Why do experienced ward nurses leave acute settings? This is a timely question during the COVID-19 pandemic with the additional pressure it has put on hospital nurses, and many others in the profession.
This issue is near to my heart, as I produced an integrative review on this topic as part of my master’s studies and this article has been produced from that research. The search terms used in my review were: tertiary, in-patient, acute, RN, nurse, leave, retention, stay, turnover and attrition, and the timeframe for the search was 2009-2019. Electronic databases searched included CINAHL Complete, Cochrane Library, ProQuest, PubMed, MEDLINE Complete, Clinical Key, Science Direct, Health Business Elite and Nursing Reference Center Plus. Thirty-six primary studies were evaluated and 16 met the selection criteria for inclusion in the integrated review.
Junior staff in majority
Also, I have been employed by a large tertiary hospital for the last 16 years, the majority of that time as a staff nurse working in various acute wards. Reflecting on the past 16 years, I realise I have lost many experienced and knowledgeable colleagues from the acute setting and I have worked as a staff nurse in areas with up to 75 per cent junior staff as a result of nurse attrition.
Rising nurse turnover has become a major concern globally, with the World Health Organization (WHO) urging countries to institute policies to stem the attrition of nurses.1
High experienced-nurse turnover in acute hospital wards and units affects the quality of patient assessment and care, as these nurses perform assessments and recognise patient deterioration quickly.2, 3
New Zealand has some of the worst statistics for nurse retention in the developed world. A New Zealand study carried out between 2004 and 2006 revealed a nurse turnover rate of 44.3 per cent – nearly three times higher than Australia.4 It is important to know why experienced nurses are leaving acute settings, as nurses are the largest workforce in health care and most of the nursing workforce is employed in acute settings.1, 5, 6 Retaining experienced nurses in acute care hospital settings is important because patient safety is linked to adequate staffing and skill mix.7
Adverse patient events and medication errors increase in areas of high experienced-nurse turnover.
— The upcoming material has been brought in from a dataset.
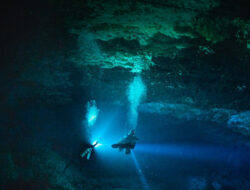 Gua Bawah Laut Buton Tengah: Menyusuri Keunikan Alam yang Memikat Penyelam Dunia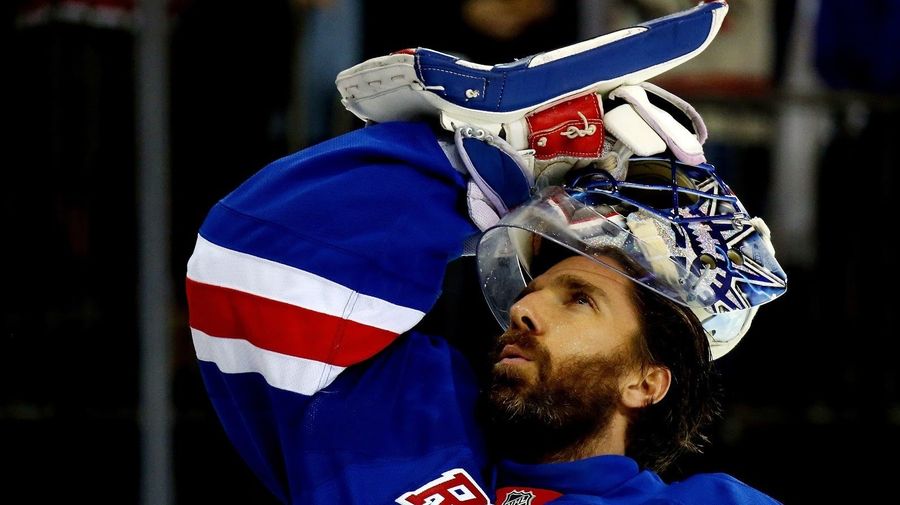 Heart condition sidelines Henrik Lundqvist for season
This turnover leads to inadequate staffing, potentially increasing length of hospital stay and contributing to patient mortality or delayed recovery.8, 9, 10, 11
Each experienced nurse lost to acute care in New Zealand is equal to half the salary of a nurse – approximately $30,000 – due to the costs involved in replacing them. These costs include advertising, training, temporary staffing and orientation periods,12 which are additional costs for district health boards (DHBs). With current DHB debt, and the cost of nurse turnover, retaining nurses in the workplace is important.
Implementing retention strategies for experienced nurses could save organisations substantial amounts of money.13
The three themes that emerged from my integrative review were:
- workload; and
- professional development.
The first theme of support included factors such as organisational and manager support, appreciation and relationships with co-workers. A perceived lack of support or recognition from the employing organisation and its management was a major reason why nurses intended leaving their workplace.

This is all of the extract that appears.